Finding Faith in Value after All These Years

Advisor Perspectives welcomes guest contributions. The views presented here do not necessarily represent those of Advisor Perspectives.

“I want you to remember this: Whenever you see something with the phrase ‘new valuation paradigm,’ run.”

That was some of the earliest investment advice from my dad that I can remember. It was easy to adhere to back then: I was managing a portfolio of Pokemon cards.

Later, in 2007, my boss at Oppenheimer & Company turned me on to the writings of Jeremy Grantham. After reading how Grantham’s investors abandoned him in 2000 and again in 2007 I promised myself the next time Grantham, Mayo, Van Otterloo & Co. (GMO) experienced comparable outflows I would reevaluate my strategy.

The outflows hit GMO earlier this year, but Grantham complicated my timing signal by suggesting what sounds like a new paradigm. Mean reversion isn’t over, but he said, “It’ll take longer.” Specifically, Grantham said it will take 20 years instead of the seven he and his colleagues had been predicting. That’s a while. As he put it: “longer than any value manager would like.”

He is not alone. Linette Lopez and Josh Brown have written about the persistent sense of despair in the investment business over the flow of funds to passive and quantitative strategies. It may well be that, as Grantham wrote, the comfortable margins of safety experienced in the “Ben Graham training period of 1935–1965″ could never return.

Curious how value investors are coping, I returned to the Manhattan campus of my alma mater, Fordham University, last month for CFA Society New York’s Annual Ben Graham Value Investing Conference IV.

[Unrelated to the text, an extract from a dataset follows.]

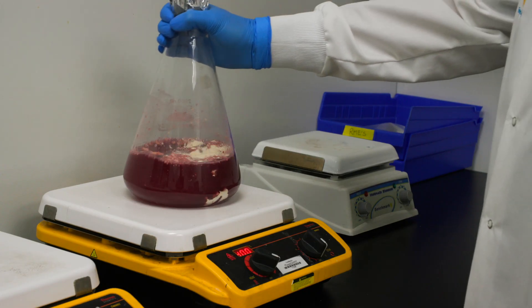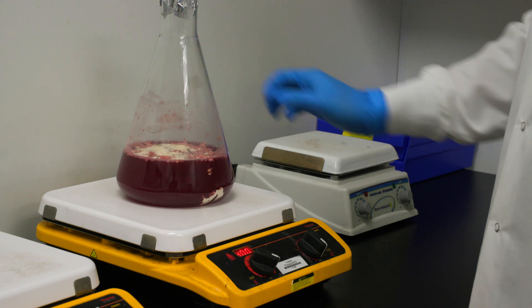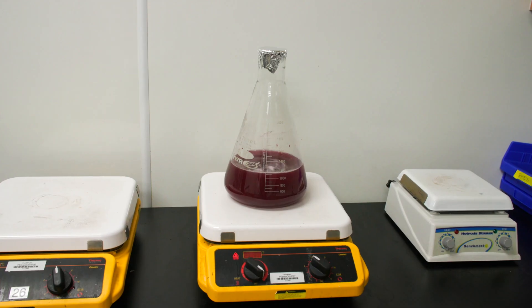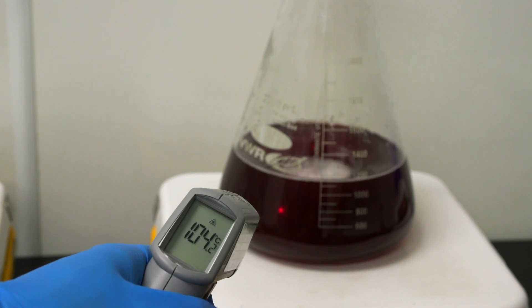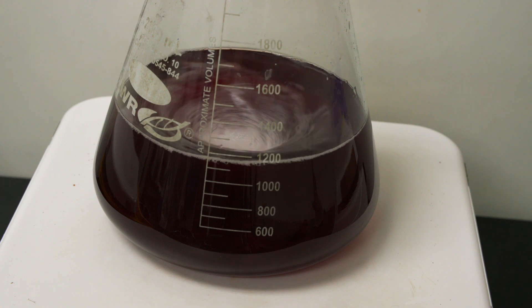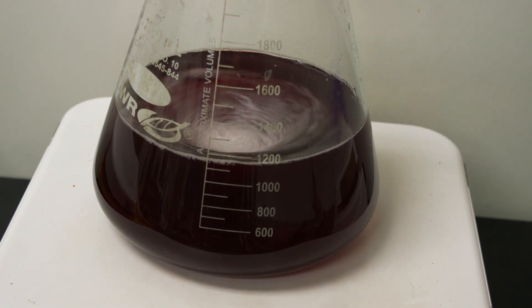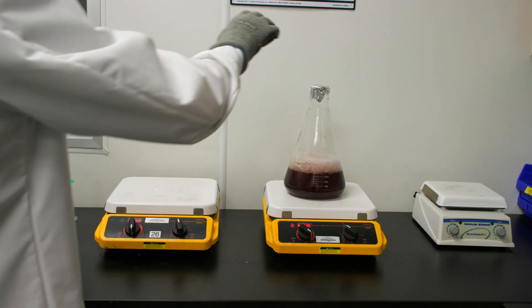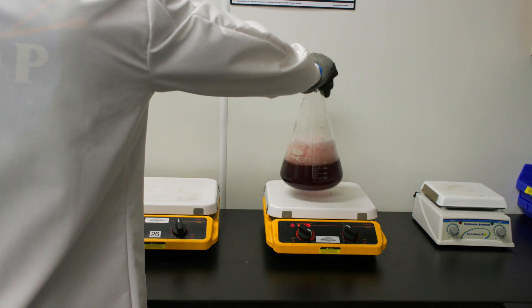Place the flask on a hot plate stirrer and bring the media to a boil while stirring using the magnetic stir bar. Be sure to mix and dissolve the media completely so there are no clumps. Boil the media for no longer than one minute — boiling for a longer period of time will turn the media dark and damage the nutritional properties. We are boiling just long enough to melt the agar.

The algorithm training period

Aswath Damodaran set the ground rules of valuation pretty clearly in his presentation: “You can’t stop me in valuation,” he said. “I make up my own rules.”

Damodaran’s talks always encourage blending numbers and narratives and his valuation journey is important to understand. One critical takeaway is that accurate valuation is about more than staying out of the DCF Hall of Shame; It is a way to avoid falling victim to unstudied beliefs.

This is particularly important for investment professionals of my vintage because the distinction between the Ben Graham training period and today is about more than just price.

Graham’s legend emerged in the period 1935 to 1965 and was succeeded by the legend of Warren Buffett. Buffett has spawned a warren of imitators, but whoever succeeds him may not follow in the same tradition as Graham. Jeffrey Tarrant now argues that the next wave of successful investors will be “hackers and computer gamers with a healthy disrespect for convention.”